Scrapes on tape hardly break the solemnity. A citizen, stranded on the outskirts of Centralia, wishes to return to the inner sanctum, but is denied access. The wind continues to blow in “Imber Dock,” unobstructed by organs.
Persona La Ave
At first, I’m a little wary based on the press release’s description: “cheese funk” being the operative term, and not a particularly flattering one, although maybe it’s for the best to just come out with that up front. The label goes on to describe Persona La Ave as “one of future funk’s first artists;” again, not necessarily a compliment, but enough for me to give it the official click.
Cheese funk, future funk: what do these mean, if anything?
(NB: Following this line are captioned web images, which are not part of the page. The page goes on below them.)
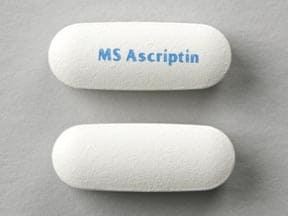 Image 1 - Imprint MS Ascriptin - Ascriptin Maximum Strength buffered aspirin 500 mg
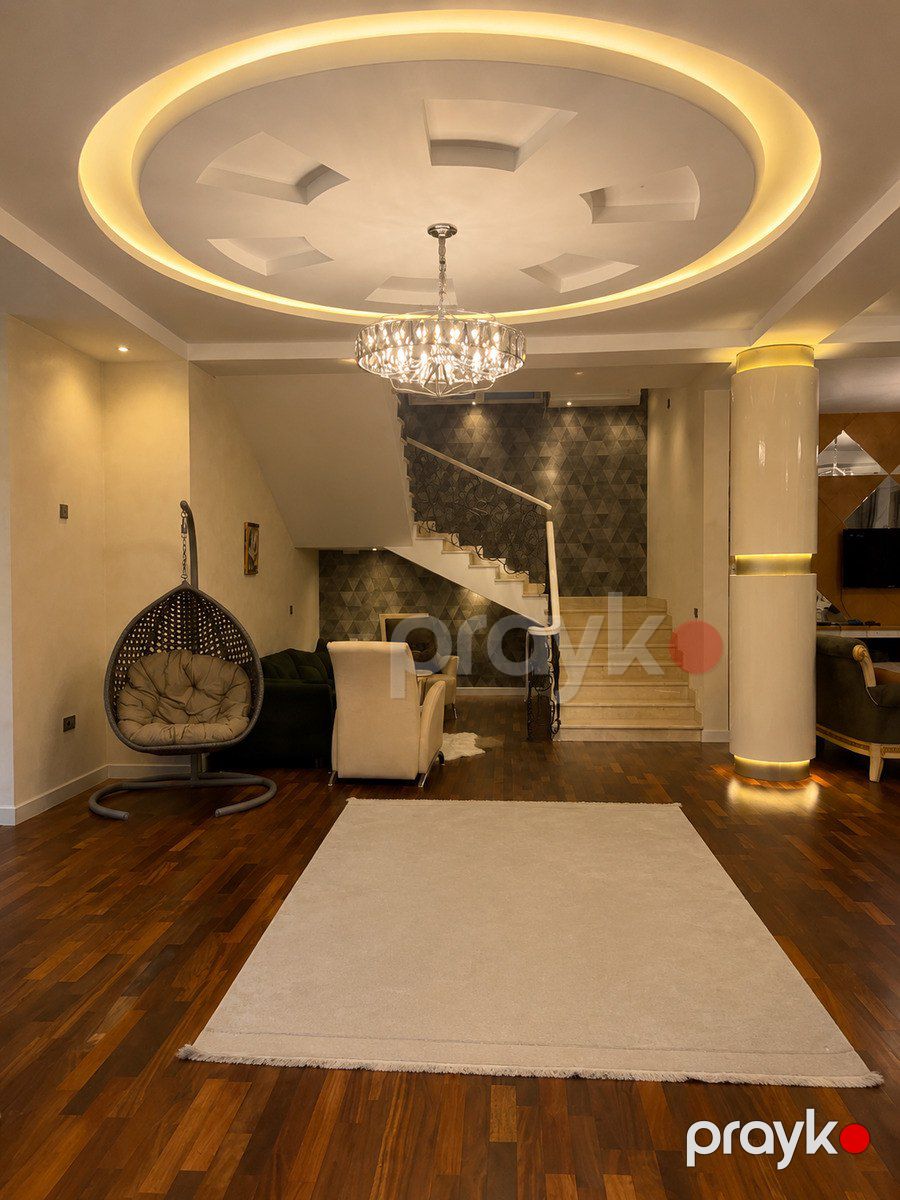 İcarəyə verilir 5 otaqlı həyət evi/bağ evi 200 m² — Ev, villa, Bakı (12)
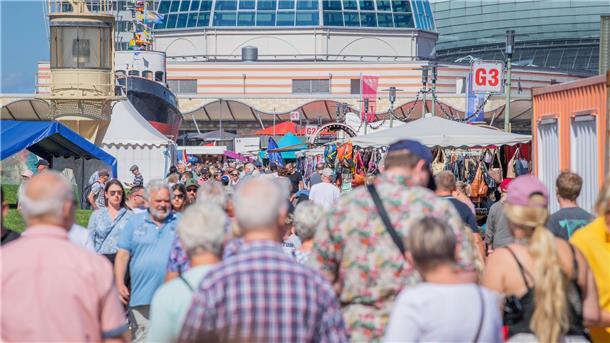 Die Maritimen Tage 2023 gehen am Sonntag zu Ende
The aesthetic here is not so much future as what people in the past imagined the future might sound like. These tracks are representative of a larger trend characterized, not by mere 80s-90s nostalgia, but nostalgia for the most recent wave of 80s-90s nostalgia which brought us the likes of Washed Out, Neon Indian, Toro Y Moi, et al. That being said, many a saccharine pop gem has resulted from these artists and their successors, and Persona La Ave won me over with at least one track of the five available on the MJMJ Bandcamp.
My favorite though – probably the least likely to emerge as the single – is “Movement,” the ninth of ten tracks on the album. Traces of Teen Inc. production and spastic synth-drums mix nicely with wordless vocal jump-ins, creating a nice sense of – dare I say it? – movement across the track’s four minutes. It seems like the creators felt re a bit more free on this track, careless about paying homage to their predecessors, trust themselves a bit more to get outside their comfort zones, and it really pays off.
If you like “Movement,” scope the MJMJ Bandcamp site for further info on Persona La Ave’s RELATION / TEMPATION. The tape goes for $6.66, or if you feel that this cheese needs to be tasted in FLAC to be fully appreciated, there is the $4.20 Bandcamp d/l option.
“TNR” feat. Jaakko Eino Kalevi (Superpitcher Chapter B Remix)
Superpitcher gave Kasper Bjørke a buzzcut with his remix of “TNR.” Make that a buzzcut with cowbell. And “Superpitcher” stenciled into the right side of its scalp like a high school basketball star. This is a pump-up jam for the lava lamp free diving olympic finals.
While Bjørke has significantly scaled back the club anthems on his upcoming album “After Forever,” (which, ironically, will be released on September 22nd, leaving us to speculate about how humanity will be brought to an end on September 23rd.) Superpitcher endeavors to subvert the subverter by taking the inverse of Bjørke’s track i.e a slithering, gradual house belter well-suited for one’s eccy come-up in an old WWII bunker turned club or massive bombproof stronghold. Bjørke’s intention was to move from the funk infused sounds of his previous work towards icy, new wave disco. Good remixes are like peer reviews: they fill in the gaps in the essence of a song by realizing what the artist could have done. Should cowbell be mandatory in every new new new wave dance track? Or should it be banished to hell on the 100% for certain date of the next apocalypse.